Images within the entries are to be omitted; the remainder must be reproduced exactly.

**Data to process**.
* * *
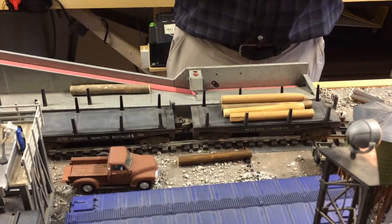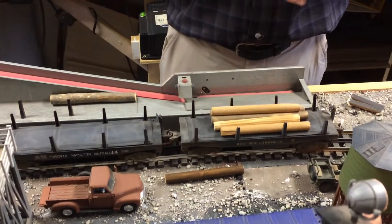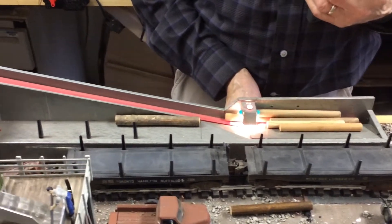We're going to start with emptying our load of logs. One, two, three. There we go. And then we'll get our logs up the hill here.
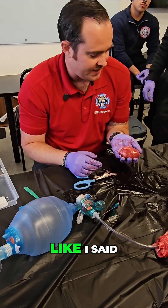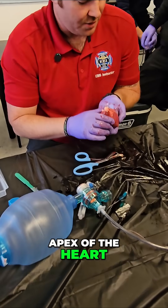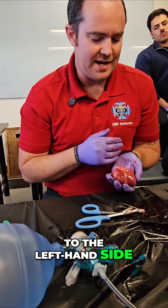This heart, obviously, like I said, belongs to a pig. We can see that the apex of the heart goes there a little bit to the left-hand side. So when it sits in the middle of your chest, it's pointing to the left-hand side.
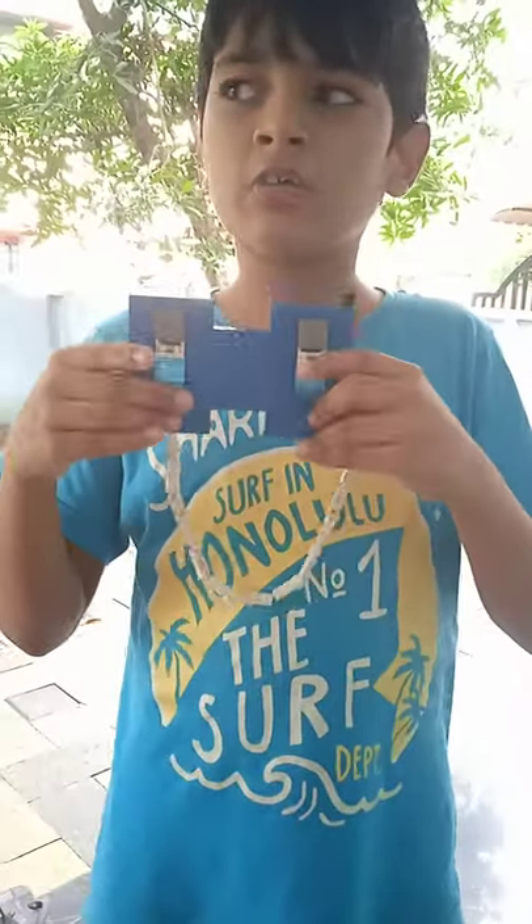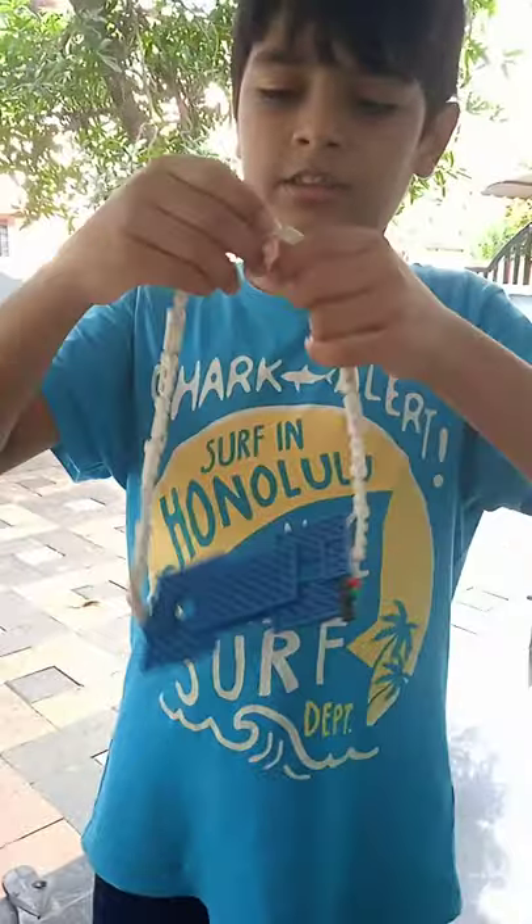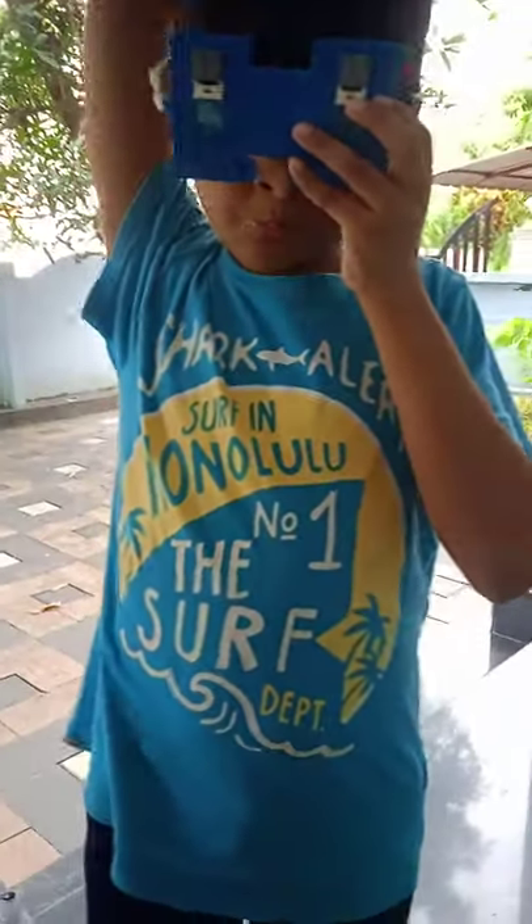Today I will show you a cooling glass. You can put it on. You need to open it, put it like this. Here is a joint.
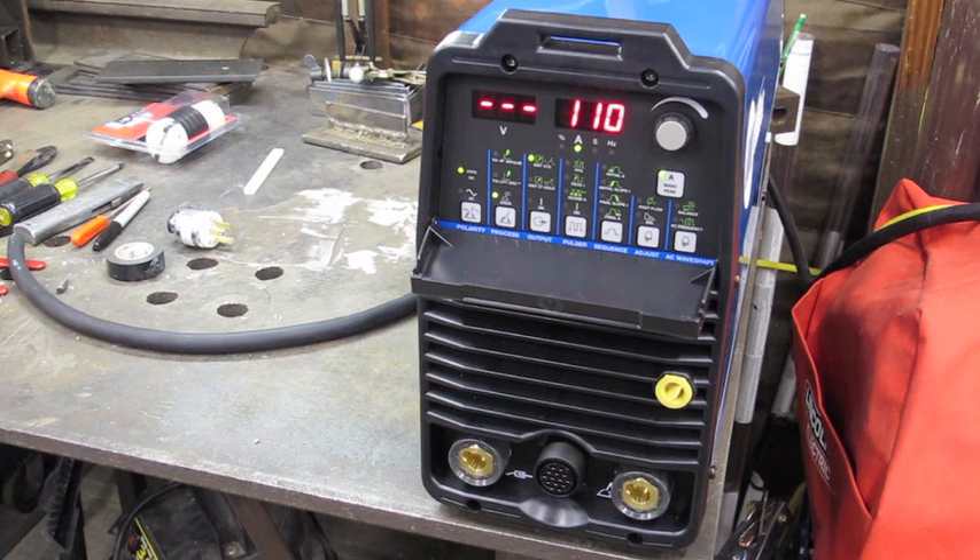Another thing I want to throw into this video — maybe you can hear that hum. I was a little bit freaked out by it at first. I went on to the Miller website and got on a thread where a lot of people discussed this very thing. Apparently that is normal — it's a normal noise that the inverter makes. So that's it for now. In part two, I'm actually going to show you how I make the second 110 to 120 volt adapter.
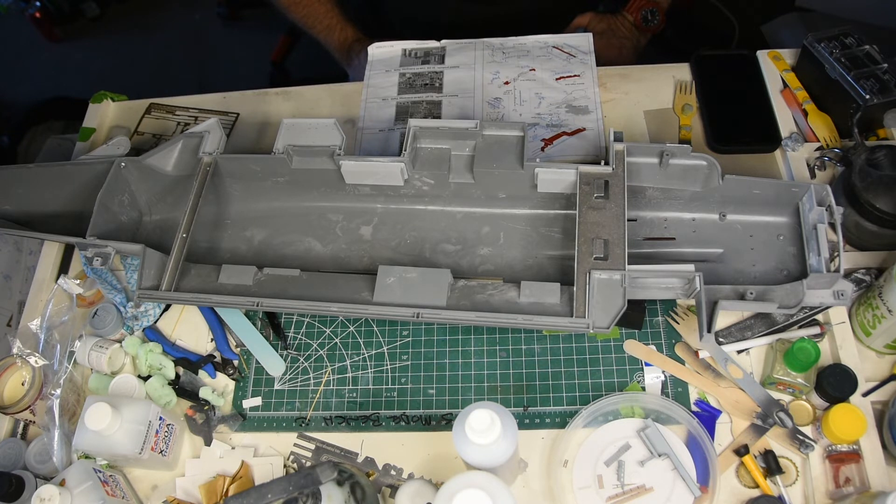I can put some more Photo Edge on here. I have to go online or go to actual mass hobbies and get some styrene rod.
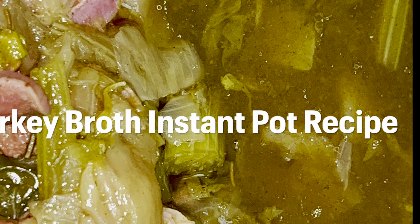Now I'm going to add in some bell peppers, some celery, and some onions to help with the flavor.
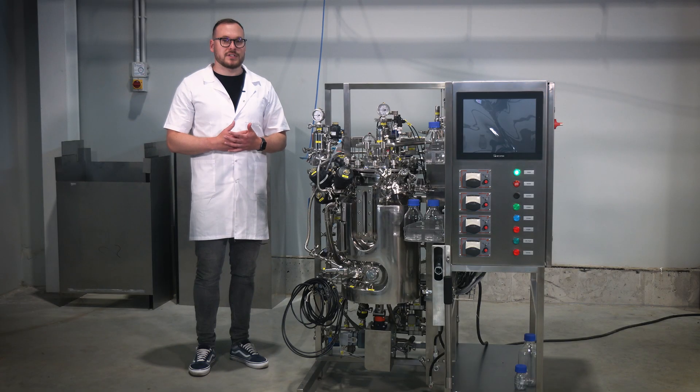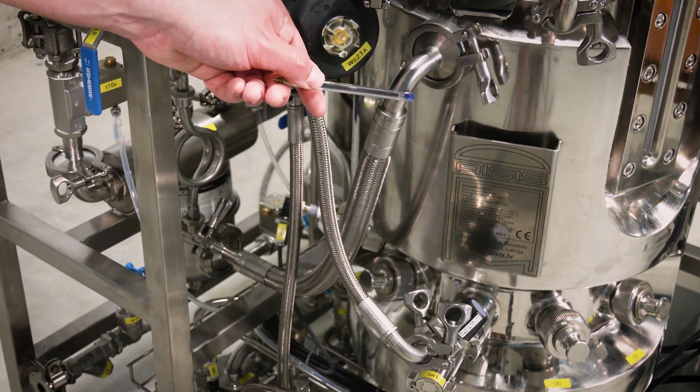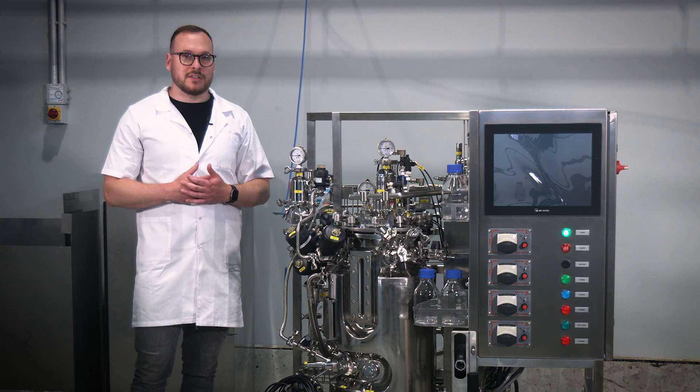Step 8. Using the supplied hoses and tri-clamp connections, connect the steam inlet water outlet from the heating jacket of the bioreactor to the technological skid and double check for proper alignment and attachment.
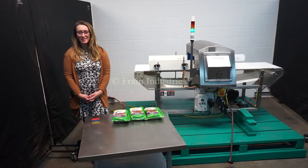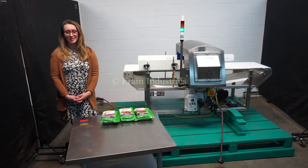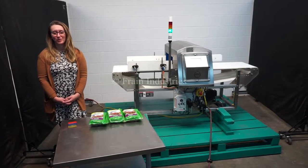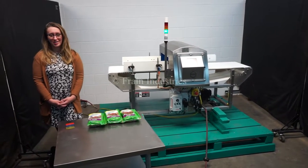Hi, I'm Elena with The Frame Group. Today we'll be cycling your Loma IQ3 Plus E metal detector. This machine is currently set for single phase 120 volts. We recommend reading the manual in its entirety before powering on the machine.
* * *
**Solution below**.
We're going to start with emptying our load of logs. One, two, three. There we go. And then we'll get our logs up the hill here.
This heart, obviously, like I said, belongs to a pig. We can see that the apex of the heart goes there a little bit to the left-hand side. So when it sits in the middle of your chest, it's pointing to the left-hand side.
Today I will show you a cooling glass. You can put it on. You need to open it, put it like this. Here is a joint.
Another thing I want to throw into this video — maybe you can hear that hum. I was a little bit freaked out by it at first. I went on to the Miller website and got on a thread where a lot of people discussed this very thing. Apparently that is normal — it's a normal noise that the inverter makes. So that's it for now. In part two, I'm actually going to show you how I make the second 110 to 120 volt adapter.
I can put some more Photo Edge on here. I have to go online or go to actual mass hobbies and get some styrene rod.
Now I'm going to add in some bell peppers, some celery, and some onions to help with the flavor.
Step 8. Using the supplied hoses and tri-clamp connections, connect the steam inlet water outlet from the heating jacket of the bioreactor to the technological skid and double check for proper alignment and attachment.
Hi, I'm Elena with The Frame Group. Today we'll be cycling your Loma IQ3 Plus E metal detector. This machine is currently set for single phase 120 volts. We recommend reading the manual in its entirety before powering on the machine.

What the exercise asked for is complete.